Rose’s Kitchen

Steamed Sponge Cake

Ingredients:

10 eggs

500g plain flour

400g sugar

3/4 can ice cream soda

some sultanas (optional)

Method:

1.  Line a round tin with cellophane paper.

2.  Beat eggs with sugar till very thick and white.

3.  Fold in sifted flour with ice cream soda alternately.  Add in sultanas (if used).

4.  Pour batter into cellophane-lined tin.

5.  When water in steamer is boiling vigorously, place the tin of batter onto the steaming tray.  Cover and steam over high heat for 1 hour.  Do not lift the lid until the cake is cooked.  If you need to top up water in steamer, use hot water.

6.  Remove cake and place on a wire rack to cool.

February 2, 2007 - Posted by | Desserts and Snacks

10 Comments »

  1. Hi Rose,
    I tried making the ‘steamed sponge cake’ a couple of times:

    1)After beating the eggs with the sugar until the mixture became thick, white and fluffy, I folded in the flour alternating with ice cream soda, then I steamed the cake. The cake turned out hard, and the texture was harsh (I could still see raw flour in the texture). I am assuming that because the egg mixture was so well beaten, that when I folded in the flour, the flour got captured in the air bubles of the egg mixture.

    2) The second time I made the cake, I folded in the flour alternating with cream soda, but this time, I mixed a bit longer, and the egg mixture lost its volume. The cake turned out hard, and not very tasty…

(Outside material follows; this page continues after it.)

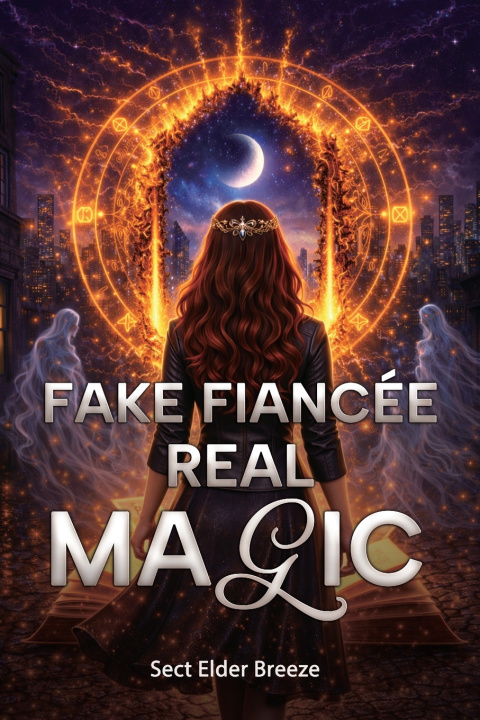 Buch Fake Fiancée, Real Magic Sect Elder Breeze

    Rose, I am not sure now what I am doing wrong…can you please help? do I fold in the flour and the ice cream soda with the spatula? for how long? or do I use the beater when folding in the flour? for how long? should the cake mixture in the end (after adding the flour and ice cream soda) still be fluffy?

    thank you Rose.
    Jaz

    Comment by Jaz | October 1, 2007 | Reply

  2. Rose,
    I want to wish you a belated ‘Happy Birthday’! and Best Wishes!
    May good fortune always follow you!
    Jaz

    Comment by Jaz | October 1, 2007 | Reply

  3. Thank you Jaz,
    This steamed sponge cake is a heavy cake and is popular with the kampong folks. If it is well-made, the top of the cake will open out like a flower. We used to beat the eggs with an old fashioned wire whisk and then fold in the flour with our hands. My mum gave up after many attempts because whenever she made it, the top was always flat! I’ll try to make it again and see if I can come out with a photograph.
    Cheerio!
    Rose

    Comment by rose | October 4, 2007 | Reply

  4. Dear Rose,
    It is really kind of you…thank you!
    I will try again this long weekend (Thanksgiving); I didn’t realize that this cake was supposed to puff up, and open up :), in fact I didn’t know what to expect!…I will let you know if it comes out alright.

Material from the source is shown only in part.